*Records to process*:
=== Section Start ===

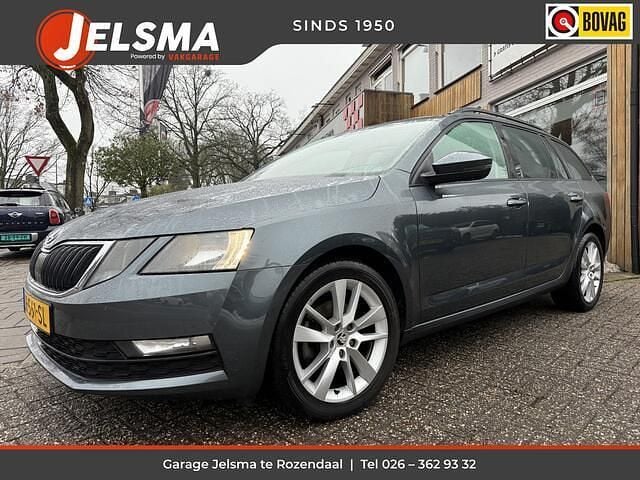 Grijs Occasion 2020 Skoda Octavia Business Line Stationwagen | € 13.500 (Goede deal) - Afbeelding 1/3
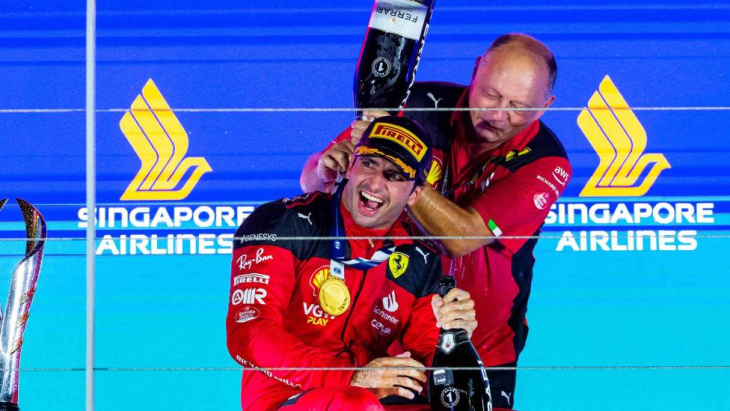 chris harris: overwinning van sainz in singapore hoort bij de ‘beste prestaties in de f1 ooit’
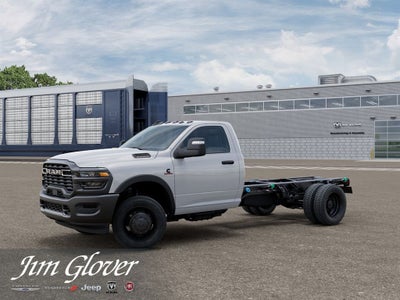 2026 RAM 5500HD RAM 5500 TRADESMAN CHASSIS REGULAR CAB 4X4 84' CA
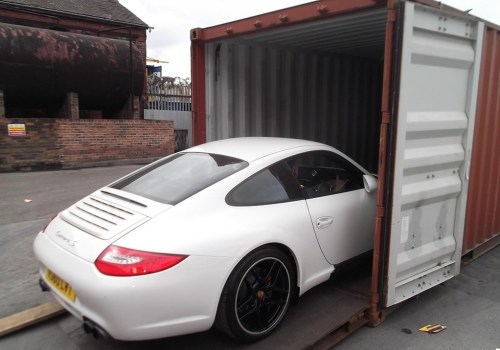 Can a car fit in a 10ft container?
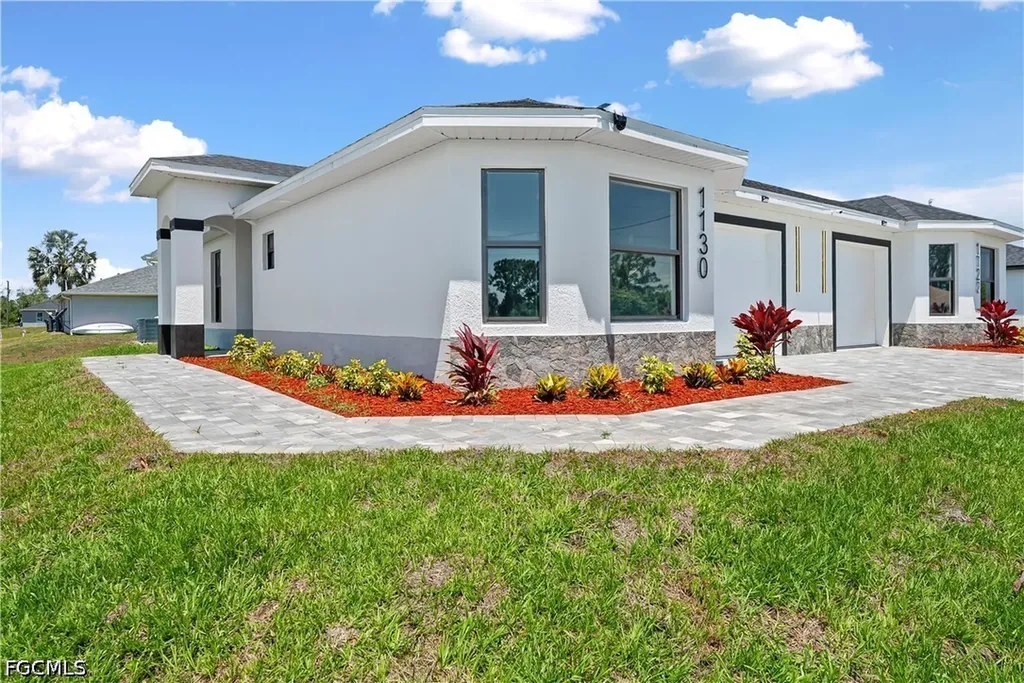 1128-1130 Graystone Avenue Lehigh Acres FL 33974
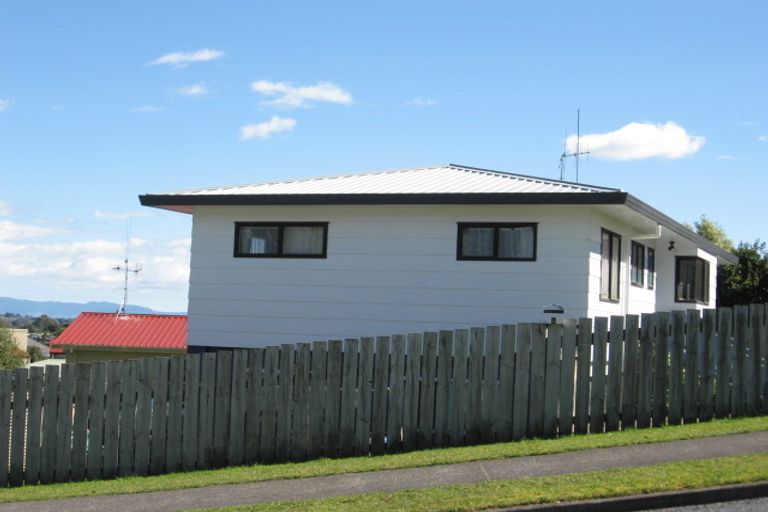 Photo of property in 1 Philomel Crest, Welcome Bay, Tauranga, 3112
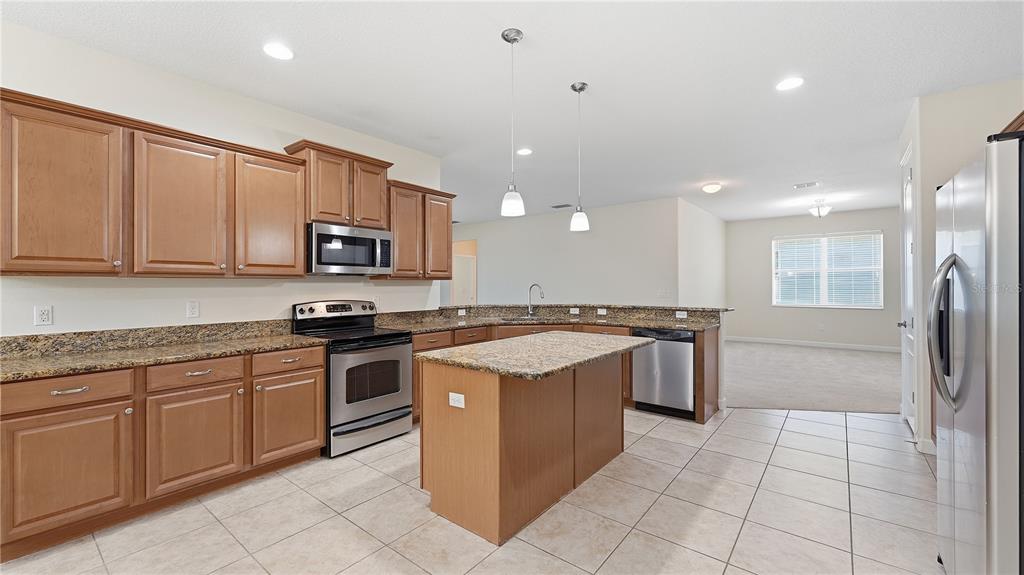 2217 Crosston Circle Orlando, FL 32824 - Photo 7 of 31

=== Section End ===
=== Section Start ===

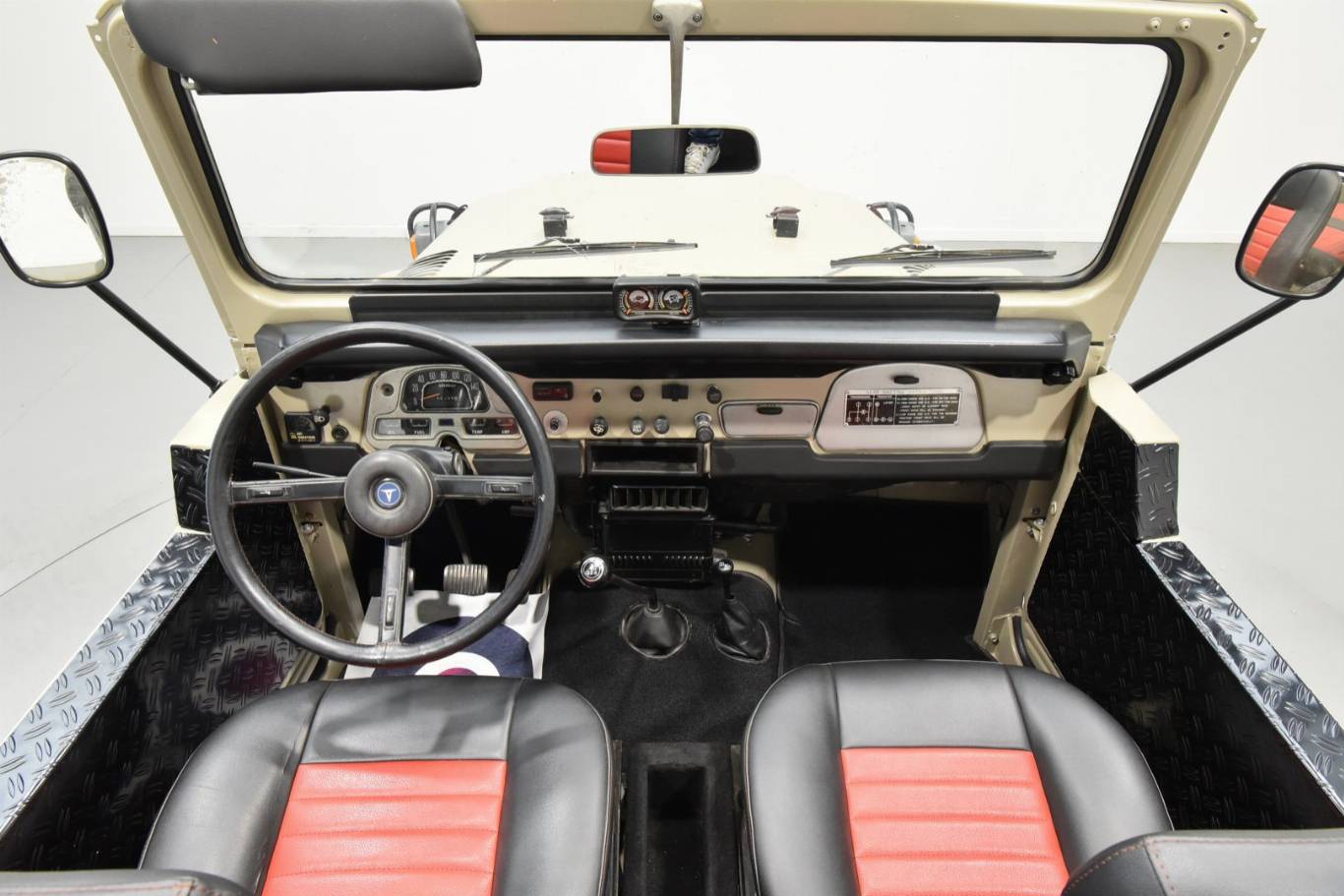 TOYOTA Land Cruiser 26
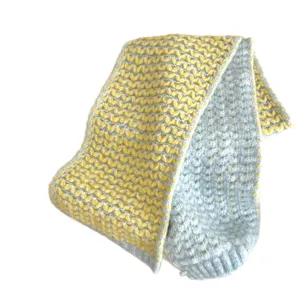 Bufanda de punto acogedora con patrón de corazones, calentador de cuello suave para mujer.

=== Section End ===

*Work to be completed*:
Starting at the line containing "Photo of property" and finishing at the line containing "2217 Crosston Circle", return those lines exactly as they appear above, without the pictures.

*Response*:
 Photo of property in 1 Philomel Crest, Welcome Bay, Tauranga, 3112
 2217 Crosston Circle Orlando, FL 32824 - Photo 7 of 31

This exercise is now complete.